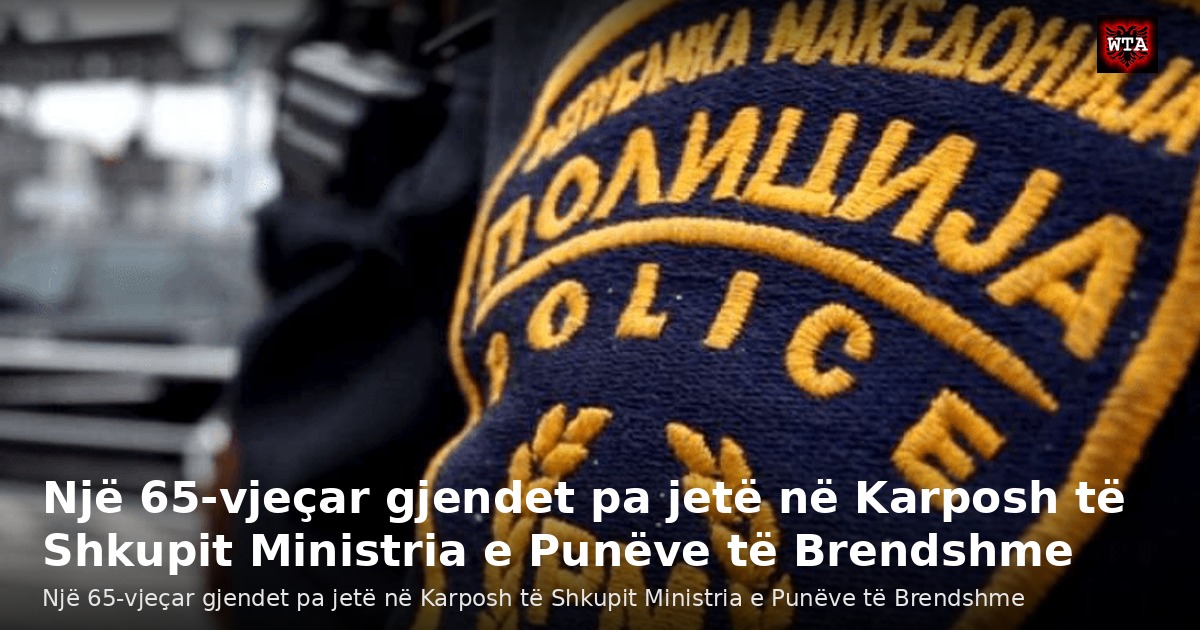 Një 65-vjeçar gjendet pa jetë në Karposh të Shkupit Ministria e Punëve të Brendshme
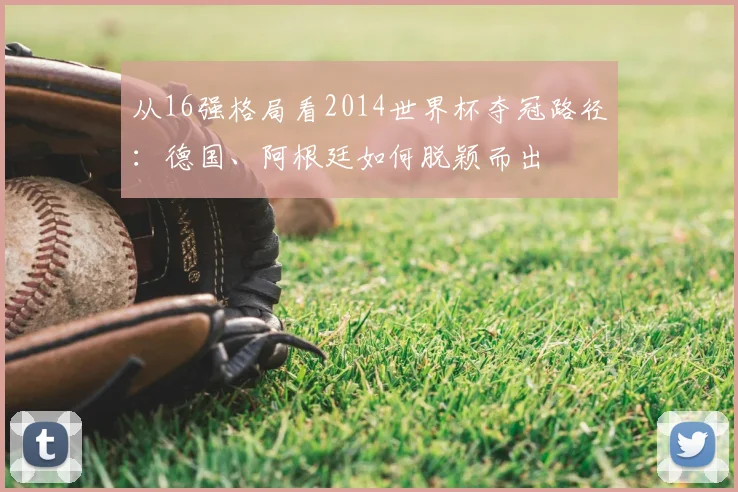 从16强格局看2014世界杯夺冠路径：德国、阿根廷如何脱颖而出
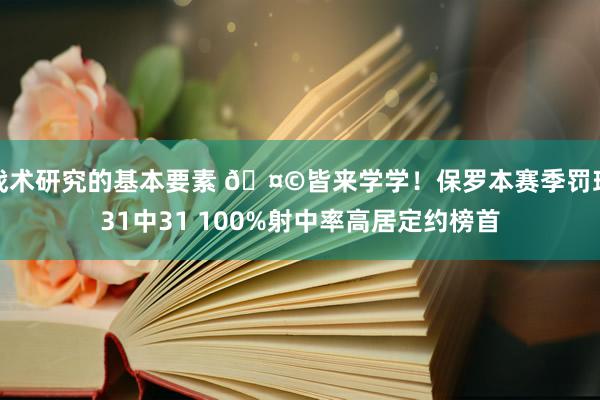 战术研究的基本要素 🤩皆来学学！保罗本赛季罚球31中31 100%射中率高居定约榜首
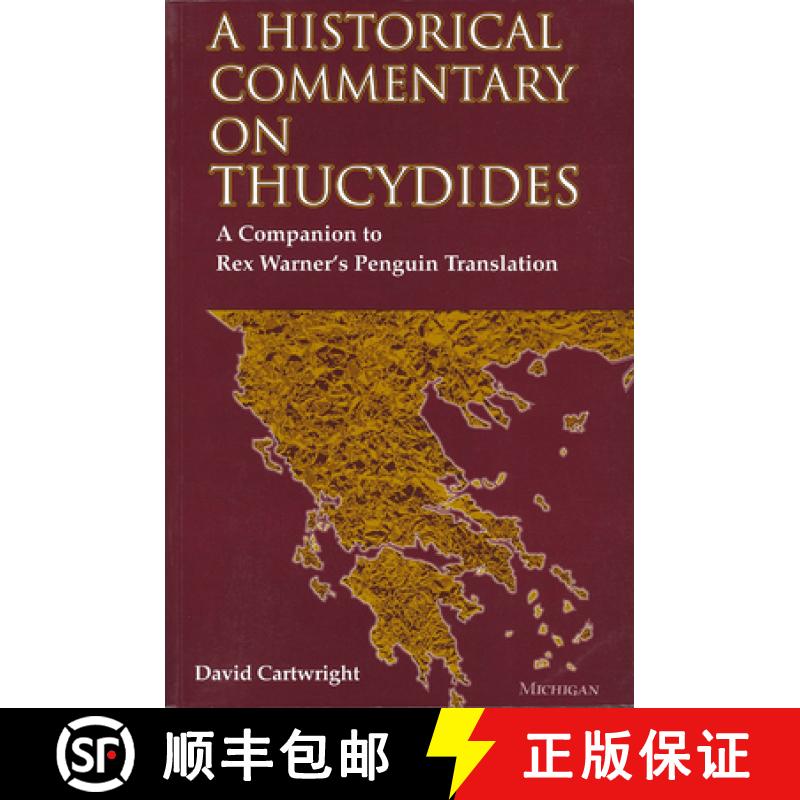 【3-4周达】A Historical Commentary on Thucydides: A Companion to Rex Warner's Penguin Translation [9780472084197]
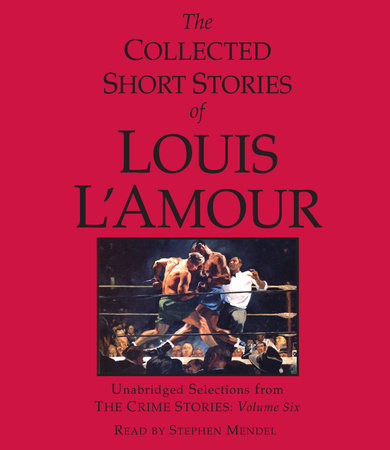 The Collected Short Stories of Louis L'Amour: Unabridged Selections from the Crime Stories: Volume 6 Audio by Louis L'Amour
:::
**Exercise description:** Beginning with the line that contains "Penguin Translation [9780472084197]" in the data above, please copy each line exactly until the last line, both ends included, skipping any pictures.

**Exercise answer:**
 【3-4周达】A Historical Commentary on Thucydides: A Companion to Rex Warner's Penguin Translation [9780472084197]
 The Collected Short Stories of Louis L'Amour: Unabridged Selections from the Crime Stories: Volume 6 Audio by Louis L'Amour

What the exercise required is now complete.